Visualising the Dream imaginary

The project is about different ways of representing and visualising dreams. Alexandra and Eleanor are hoping to generate a network of dream sculptures for their research. By participating and sending us your objects and information we ask you to consent for these to possibly exhibited or published.


What do I need to do?

1. Tell us in one sentence about a dream you have had: _______________________________________________________________________

2. Gives us 3 key words that sum up the dream:__________________________________

3. Where were you located when you had the dream? What was the date?____________________________________________________________________

4. Ask a friend to represent your dream in a box no bigger than a mobile phone (eg.it could be a matchbox, a mint tin, a cigarette box, or any other container.)

5. Ask your friend to fill in one of these forms as well.

6. Try to depict your friend's dream in a box no bigger than a mobile phone.
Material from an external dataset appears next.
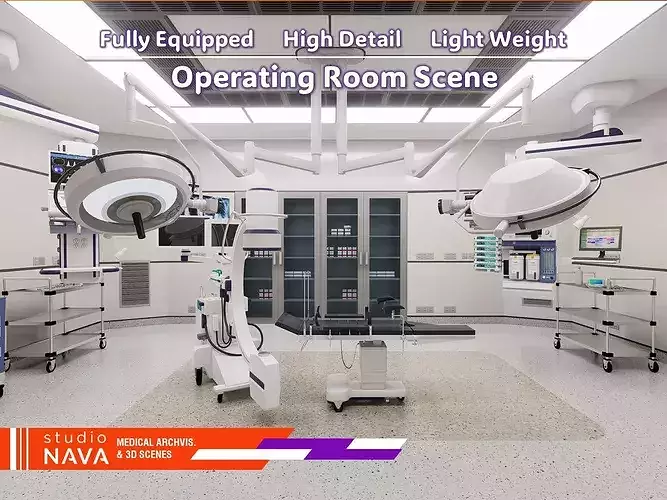 Operating Room -Hospital Surgical Interior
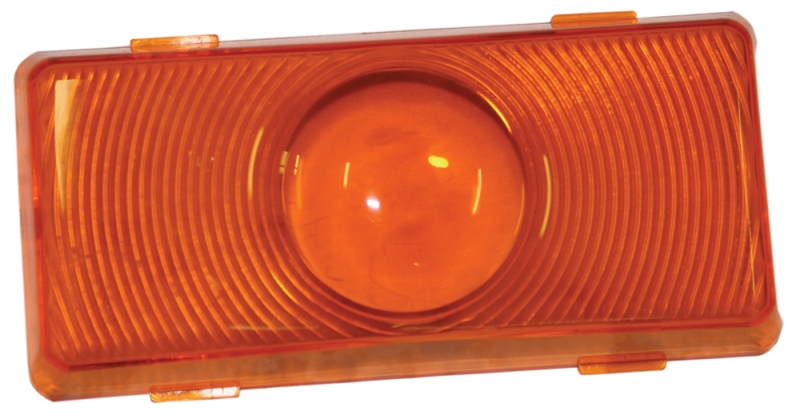 Replacement Lens - Porch/ Utility Light - Amber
You can use found objects, cut-out pictures etc., anything you think is suitable.

7. Give us a nick name (or your real name) here that you don't mind being used in research papers or exhibitions etc.____________________________________________

8. Write a paper (no bigger than your box) with the following info:
My dream in a sentence:
Key words that sum up the dream:
Place and date of dream:
Dreamt by:
Visualised by:

please use nickname if you prefer to remain anonymous

8. Sent us: Your boxes, the small paper slip (step number 8) and this text filled out and signed. Also feel free to send us your comments and your emails if you would like to be informed of our ventures and exhibitions.

looking forward to your submissions!



Sign here that you agree to Alexandra Antonopoulou and Eleanor Dare publishing and presenting the material and information given:
NAME:
DATE:

SIGNATURE:

Crowdsourced Dreamspaces: a collective of analogue and digitally generated dream visualisations



This installation will draw on the conceptual foundation of the 'Digital Dreamhacker' (Antonopoulou, Dare 2013), a computer application and method that creates crowdsourced dream visualisations. We are in the process of creating an installation presenting a network of analogue generated sculptural dream visualisations put side by side with their digitally generated versions. The analogue generated sculptures will be created in a process of collaboration and interpretation in which dreamers exchange their dream descriptions and in turn they construct physical dream representations for each other; while the digitally generated images will be produced using the Dreamhacker app. We will also provide visitors with the opportunity and tools to use the app and generate crowdsourced representations of their own dreams, while also offering them opportunities to create physical models of other people's dreams. The project would result in an impressive collaborative sculpture, a physical network of dream imaginaries.

The proposed work focuses on the social context of dreams, creating visualisations that are neither a depiction of individual imaginings or a means of enhancing artistic skill, but a reframing of dreams within the technical and cultural Imaginary, meaning that which forms our collective understandings and expectations of social life. Through this work we investigate not only how the illogic of dreams can be embedded into new computational paradigms that challenge orthodox creative practices but we also comment on the relationship between the human and the machinic mediation and collective (un)consciousness. It is a research strategy in which social media and mediation are innovative contexts for exploring technology and the imagination, supported by methods that emanate from both critical design and network analysis. This project goes beyond many critical and speculative design ideas by actually implementing a working system that forms an intellectual and physical space for cross-disciplinary discussion.